According to the method for obtaining an optimized prediction result based on mechanical learning according to item 11 of the scope of the patent application, step c1 further includes the following steps: c1p1) to obtain a first accuracy through these prediction algorithms, which is more than For the first accuracy and a known result, a first accuracy index is obtained; and step c2 further includes the following steps: c2p1) Provide an n + 1th accuracy index as the optimized accuracy index.

According to the method for obtaining an optimized prediction result based on mechanical learning as described in item 12 of the scope of the patent application, wherein the accuracy index includes accuracy, AUC, and MCC.

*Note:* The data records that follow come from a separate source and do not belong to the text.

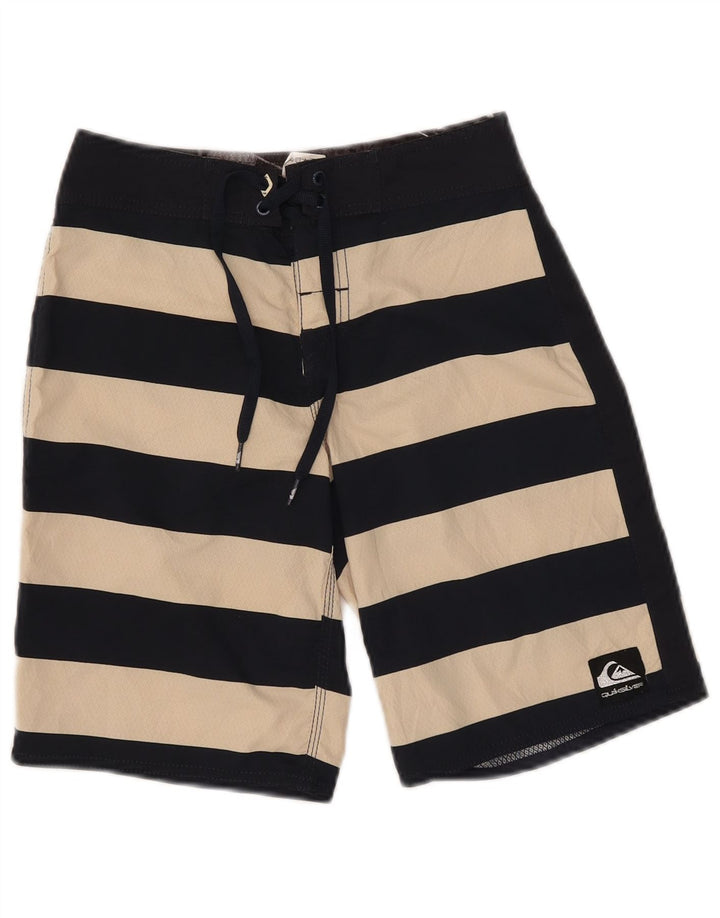 Quiksilver Bañador Corto Niño 9-10 Años Azul Marino Rayas Poliéster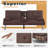 Siomarily 66'' Wide Faux Leather Convertible Upholstered Reclining Sofa with Cup Holder-237244197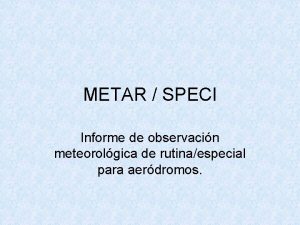 Metar speci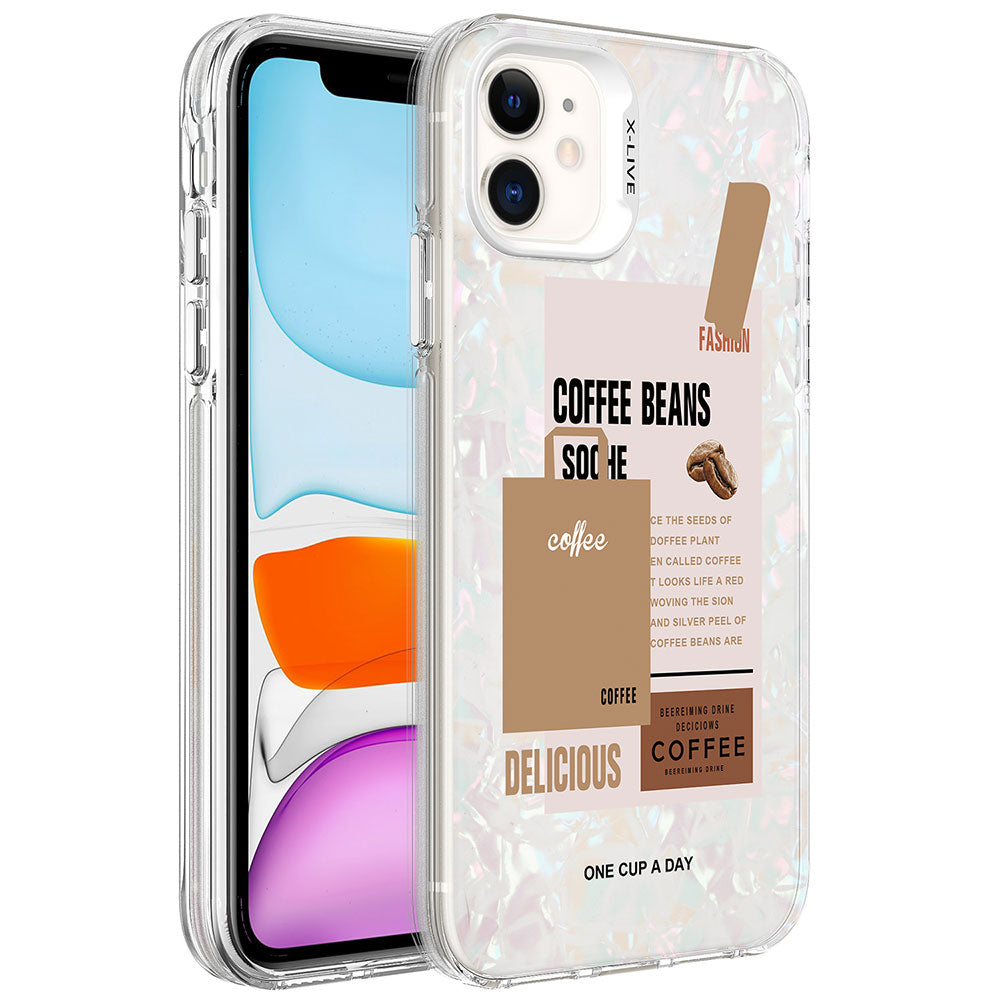 Apple iPhone 11 Uyumlu Kılıf Mermer Desenli Zore Marbello Kapak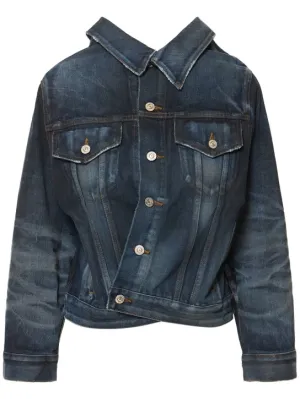 Balenciaga   Swing cotton denim jacket 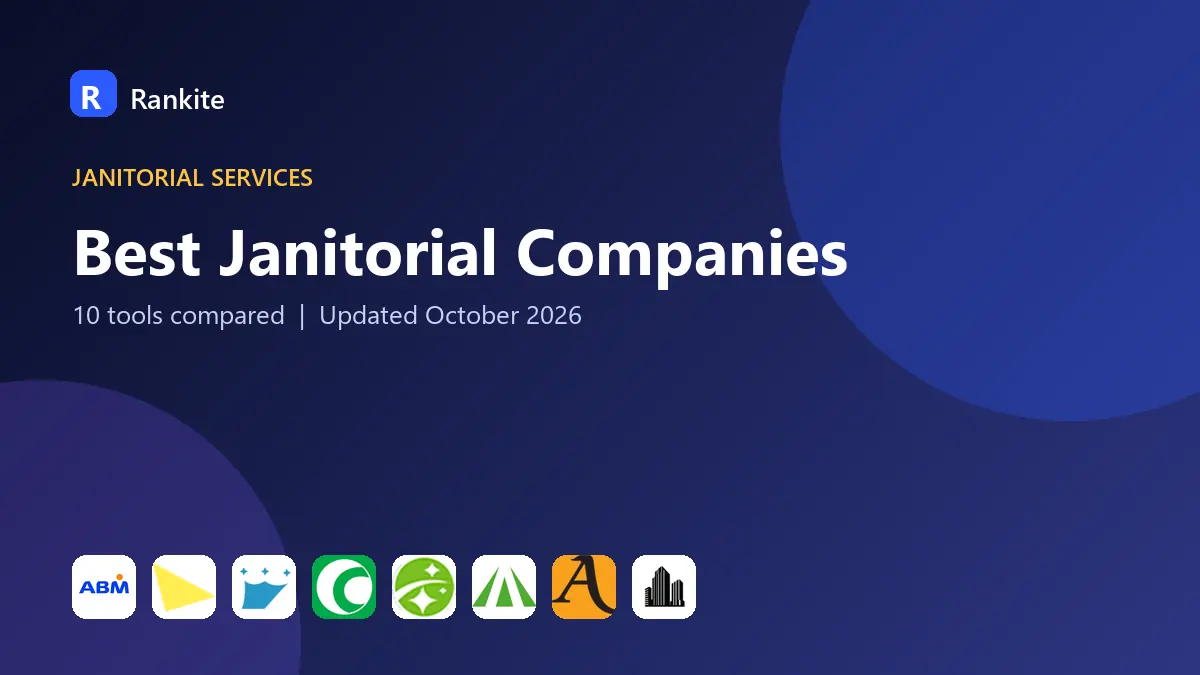 Best Janitorial Companies in 2026: 10 Tools Compared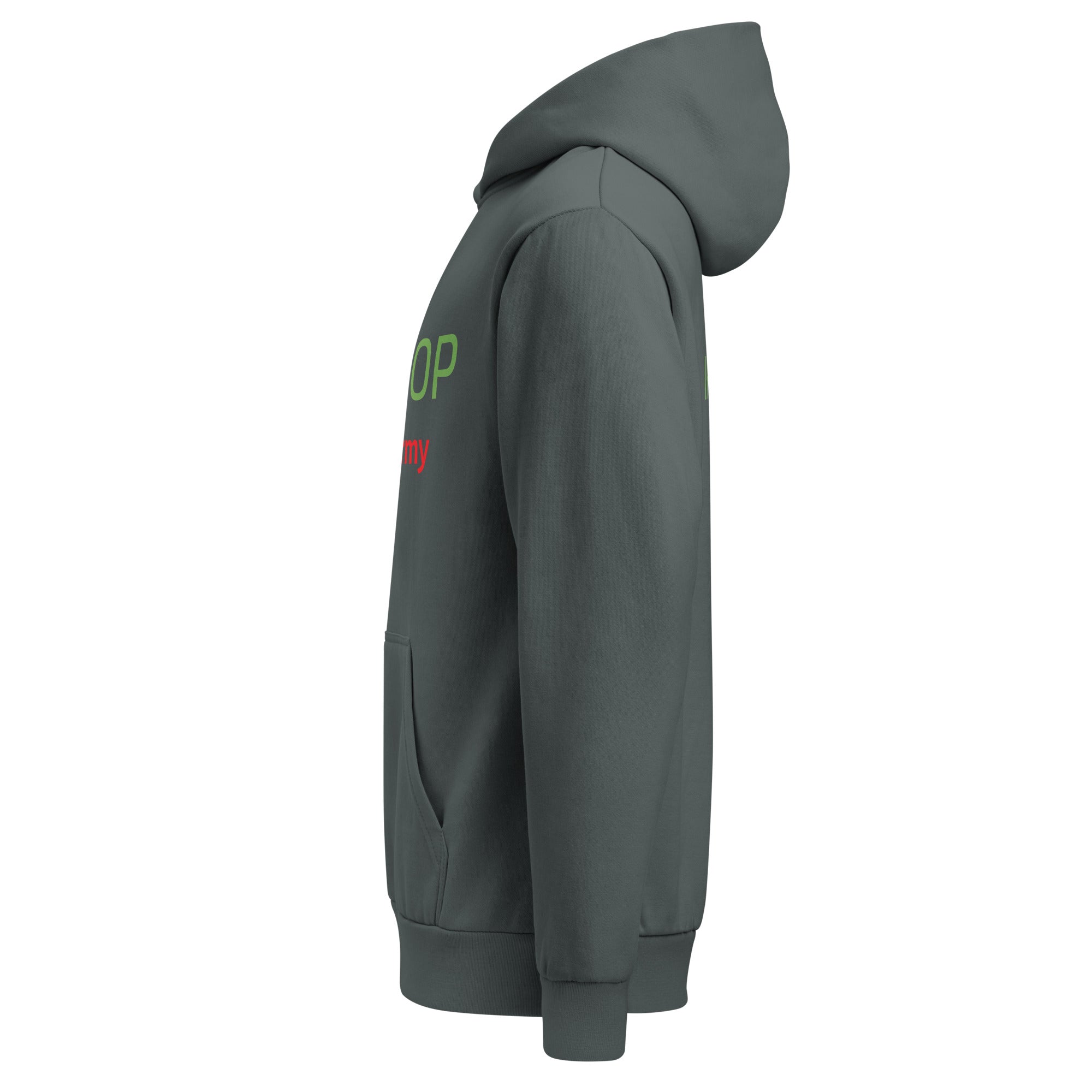 HIP HOP - Urban garment-dyed hoodie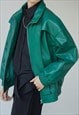 Men's textured design leather jacket A vol.4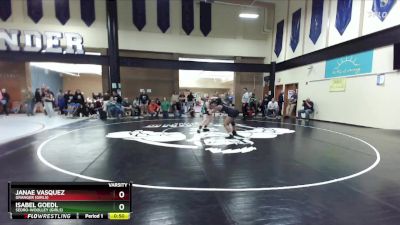 100lbs Cons. Round 5 - Janae Vasquez, Granger (Girls) vs Isabel Goedl, Sedro-Woolley (Girls)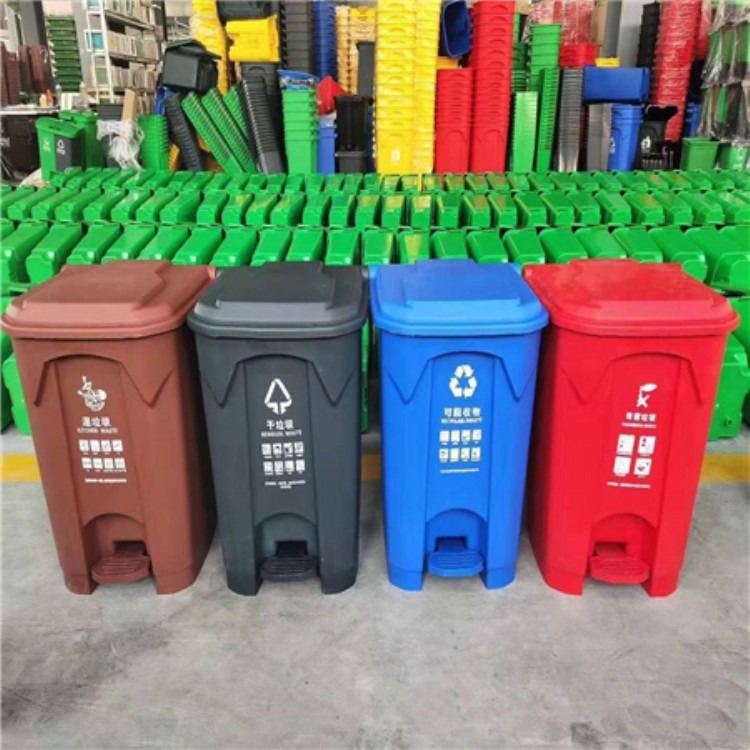 臻力厂家 多功能垃圾桶 四分类垃圾桶 物优价廉 泰安环卫垃圾桶3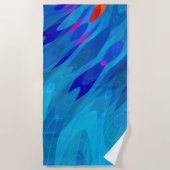 Zee ripple Beach Towel Strandlaken (Voorkant)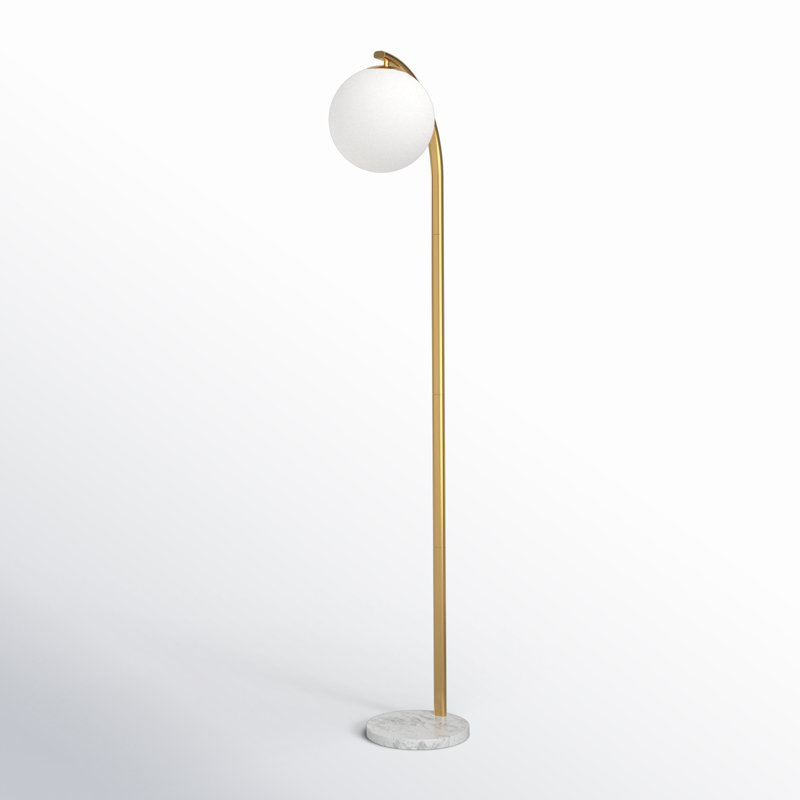 Dilsey 66'' Polished Traditional Floor Lamp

A system for establishing an optimized prediction model based on mechanical learning, including: a storage unit configured to store training data having a data format and a complex mechanical learning algorithm; and a processing unit coupled To the storage unit for configuration to perform the following method steps: a) receiving a calculation value and a target prediction value; b) using a conversion program to convert the data format to which the training data belongs to a relay format, Obtain a formatted raw data, and set the mechanical learning algorithms with a first feature value and parameter setting group; c) divide the data value of the formatted raw data into a sub-training set and a sub-test set; d ) Establishing a first sub-prediction model through the mechanical learning algorithms and the data values contained in the sub-training set; e) Substituting the data values contained in the sub-test set into the first sub-prediction model and performing a complex prediction calculation Method to obtain a first accuracy; f) if the data values of the formatted original data have been used as the sub-training set and the sub-test set, or the number of repetitions satisfies the value of the operation, it is accurate according to the nth Modify the nth eigenvalue and parameter setting group to obtain an n + 1th eigenvalue and parameter setting group, otherwise, repeat steps c) to e); g) reset the nth eigenvalue and parameter setting group And other mechanical learning algorithms, a first prediction model is established through the mechanical learning algorithms and the data values contained in the formatted raw data; h) if the n-th accuracy meets the target prediction value or the number of repetitions satisfies the operation Magnitude, provide an nth prediction model as an optimized prediction model, otherwise, modify the nth eigenvalue and parameter setting group according to the accuracy, obtain an n + 1th eigenvalue and parameter setting group to set the machinery Learning the algorithm, repeating steps c) to e); and i) displaying the optimized prediction model and the n-th accuracy.

A system for obtaining optimized prediction results based on mechanical learning includes a storage unit configured to store one of the data to be predicted in a data format, as described in item 14 of the scope of patent application. An optimized prediction model and a complex prediction algorithm; and a processing unit coupled to the storage unit for configuring to perform the following method steps: a) selecting the optimized prediction model and the prediction algorithms; b) using A conversion program that converts the data format to which the data to be predicted belongs to a metadata format to obtain a formatted raw data; and c) substituting the data value contained in the formatted raw data into the optimized prediction model, An optimized prediction result and an optimized accuracy index are obtained through the prediction algorithms.